I'm also a bit dubious about some of the more outlandish claims for EV's economic benefits. The Electrification Coalition said in a recent report that EVs could create 1.9 million jobs by 2030, at which time the average household would spend $3,687 less on energy for transportation. That's a big conclusion for a technology that right now is much more expensive than internal combustion.
Sometimes skepticism arises in unlikely places. Anderman is a respected figure in the electric vehicle space. He's been a consultant to the industry for 27 years, testifies in Congress, publishes regular multi-client assessment reports and organizes an annual auto battery conference, which happens to be in Orlando this year, from May 17 to 21.
One might expect such an insider to be a cheerleader for EVs, but in fact he's been a longtime skeptic of their prospects. For at least 10 years, he's expressed doubts about plug-in hybrids and anything else with advanced batteries under the hood. In 2003, he expressed a low opinion of then-evolving battery technology to California's Air Resources Board, and in 2007 he told the Society of Automotive Engineers, "The reliability of lithium-ion technology for automotive applications is not proven."
He's particularly negative about the viability of EV batteries, expressing doubt that costs will come down below $400 a kilowatt hour anytime soon. In an interview Monday, Anderman compared the fuel savings of the forthcoming Nissan Leaf with an off-the-shelf Toyota Prius and found the plug-in car wanting.
The Leaf's battery, he said, will cost $16,000 to $20,000. Even if the Leaf is produced in volumes of 200,000 or more, Anderman concludes, the battery will still cost $9,000. All this, he said, to produce a car that, when the different power sources are compared, only saves $400 in fuel costs annually over the Prius. "In five years, you save $1,500, which isn't even enough to pay for the charger, let alone the $20,000 battery," he said.
Anderman recently visited China's ambitious BYD (which seeks to be the world's largest automaker, and has a Warren Buffett investment to give it credibility). He took a look at the company's E6, which is a battery car allegedly headed for the U.S. market. "This is not a car U.S. consumers would buy," he said. He also encountered the company's F3DM, the first plug-in hybrid on the world market, and found that noisy and not up to western standards.
The forthcoming gas-electric Chevy Volt is better than the Leaf in terms of utility, Anderman said, but "the main compromise is that the Volt is a very, very expensive car. The annual fuel savings compared to the Prius are in the range of $200 a year, and you still have a $9,000 battery. But because the government is willing to pay to build the plant and build the battery pack, as well as subsidizing purchases by $7,500 [an income tax credit], the consumer gets a vehicle they can drive.
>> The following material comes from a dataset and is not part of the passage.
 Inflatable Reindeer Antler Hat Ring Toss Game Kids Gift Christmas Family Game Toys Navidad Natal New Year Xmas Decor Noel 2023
But financially it doesn't make sense."
Anderman's point, much like Janney Capital's, is that early EVs will be expensive and not a good bet for consumers. That's true as far as it goes, but it's also true that many will be subsidized (a Leaf will be a very affordable $20,000 in California). And continuing battery research and development seems a much better bet than toasting the planet with the smoke from hundreds of millions of tailpipes.